In bilico quindi e ancora provvisoria appare la funzionalità effettiva delle dighe mobili, il Consorzio Venezia Nuova ipotizza come data il 2021 per la realizzazione di quelle strutture che dovrebbero impedire le alte maree. Il collaudo appare lontano, per quel che è stato definito un ‘cronoprogramma’, per i problemi rilevati dalle stesse imprese che lavorano sul Mose.

I problemi sono anche di carattere economico, oltre che temporale e tecnico, gestione e manutenzione necessitano come minimo di 80milioni di euro l’anno, le paratoie saranno affidate all’Arsenale per la loro manutenzione, permettendo così di garantire oltre 200 posti di lavoro in centro storico.

L’impresa Condotte, una delle protagoniste del Consorzio, ha chiesto il concordato preventivo per poter rispondere finanziariamente all’esigenza della realizzazione dei lavori, lamentando di fatto «l’oggettiva difficoltà di incasso degli ingenti crediti vantati nei confronti delle pubbliche amministrazioni».
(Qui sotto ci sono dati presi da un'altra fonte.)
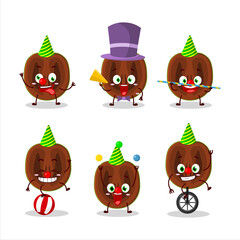 Cartoon character of slice of black sapote with various circus shows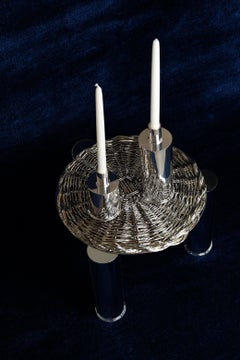 Italian Art Deco Silver-Plated Candlestick Inspired by Minimalist Design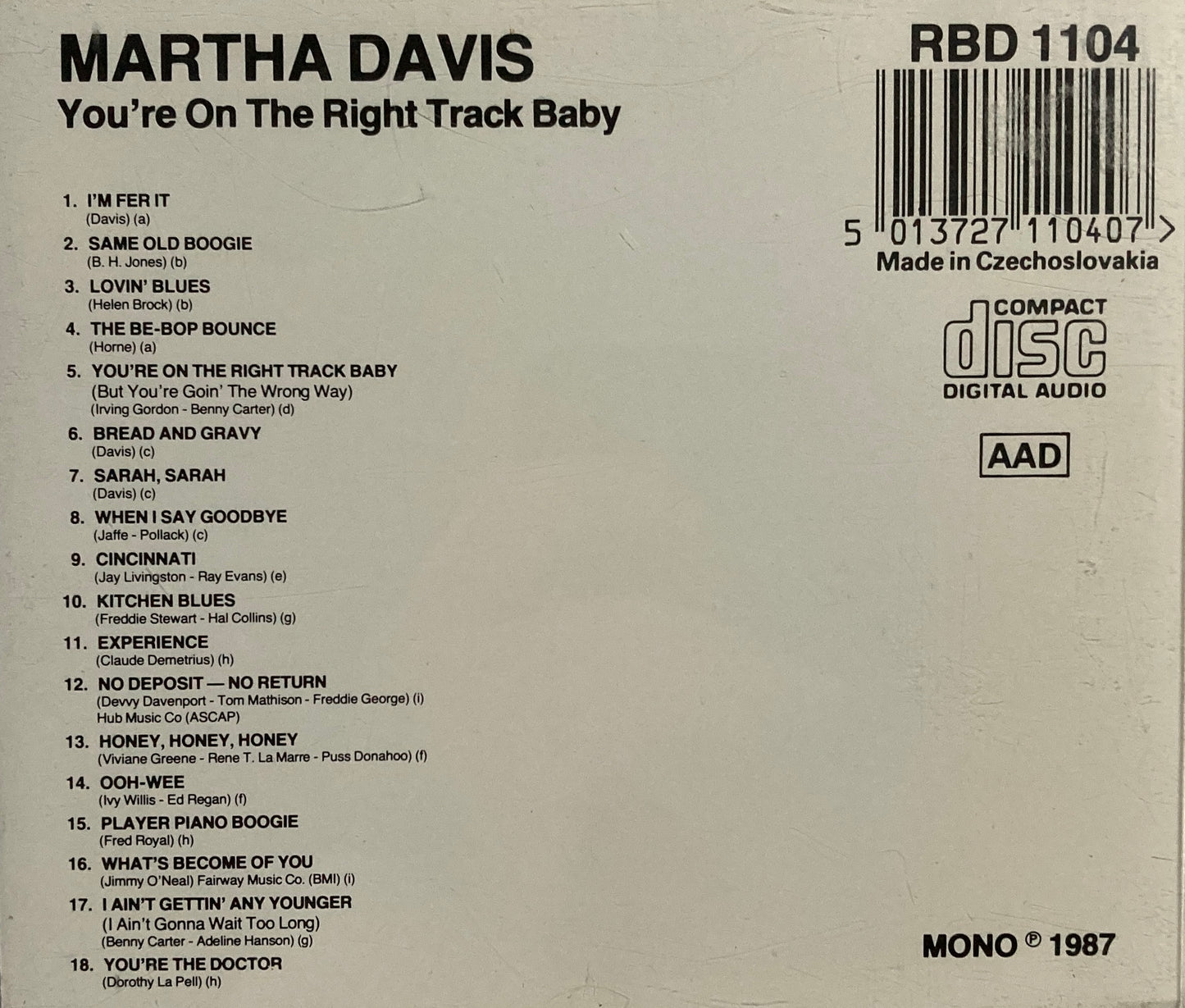 CD - Martha Davis And Her Torrid Trio - You're On The Right Track Baby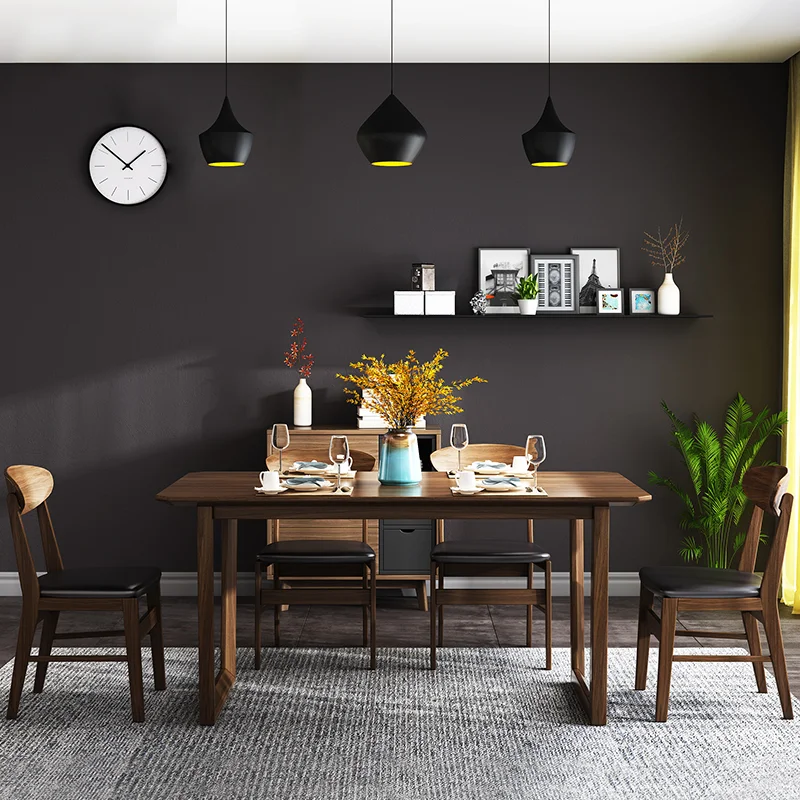 
Nordic table and chair combination simple modern solid wood table rectangular dining table with four chairs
A questo punto si intreccia un problema legale che investe la complessità dei rapporti tra Consorzio Venezia Nuova e Imprese, mentre i cantieri Mantovani sono fermi e l’attività bloccata fino a quando non arriveranno quei 35milioni di euro spettanti in virtù di un accordo con la Prefettura, a fine febbraio, per pagare i lavori arretrati, continuare le opere e restituire il lavoro agli operai.

Il Ministro delle Infrastrutture Graziano Delrio (che ha garantito ulteriori 220 milioni di euro per la prosecuzione dei lavori) da Roma, con il prefetto Paola Basilone e il presidente dell’Anac Raffaele Cantone, durante una riunione operativa ha convenuto sulla necessità di ultimare i lavori, ma i tempi della realizzazione dell’opera non sono prevedibili e in forse appare anche l’attuale gestione.